From the Santa Barbara News & Review, October 24, 1985.–- J.R.

The Man Who Envied Women, introduced by filmmaker Yvonne Rainer, will be shown at 8 pm Monday, Oct. 28, Isla Vista Theatre II, Embarcadero Del Norte. Free admission.

It doesn’t really do justice to Yvonne Rainer’s exhilarating The Man Who Envied Women to call it avant- garde — or even the best feature to date by New York’s most celebrated avant-garde filmmaker. To do that is to consign it to a gilt-eged ghetto presided over by experts. The fact that Santa Barbara is fortunate enough to be getting this movie in advance of both New York and Los Angeles — and with Rainer herself in attendance -– shouldn’tmean that we need any big-city explicators to crack the surface of her intellectual vaudeville.
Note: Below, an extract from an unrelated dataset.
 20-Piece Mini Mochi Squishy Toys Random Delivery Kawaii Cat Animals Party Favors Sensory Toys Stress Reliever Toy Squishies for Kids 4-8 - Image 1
Admittedly, there’s enough theoretical discourse on display to choke a horse, and two actors rather than one (a favorite Rainer ploy) portraying the title character — a complacent, womanizing academic named Jack Deller whose second wife, a nameless voice, leaves him in the opening moments of the film. But the delightful thing about Rainer’s word and image salad is that its deliberate overload virtually guarantees that if we miss a particular gag or argument, we’ll find its near-equivalent lying in wait for us a few minutes later.

It’s ironic that as a modern dancer and choreographer, Rainer was known throughout the Sixties and early Seventies as a minimalist. For the past 13 years she has been making films of an increasingly multi-textual density — bombardments of ideas and sensations that may well reflect minimalism in some of their individual tactics, but goad us into multiple choices and divided loyalties as far as their cumulative sounds and images are concerned. Spectators who feel intimidated by the prospect of such an onslaught should be alerted that intellectual intimidation is an important aspect of Rainer’s subject.

Critic Bérénice Reynaud neatly encapsulates that subject in a single sentence: “Theoretical discourse, the making of images, sexual seduction, the making of money, all have one main purpose: to ensure control of the Other (the other sex, the other classes, the other countries).” In narrative terms, a torrent of thoughts and encounters comes to fill in the gaps created by a broken relationship. Or, more prosaically and politically, here’s Rainer herself: “This film is about the housing shortage, changing family patterns, the poor pitted against the middle class, Hispanics against Jews, artists and politics, female menopause, abortion rights. There’s even a dream sequence.”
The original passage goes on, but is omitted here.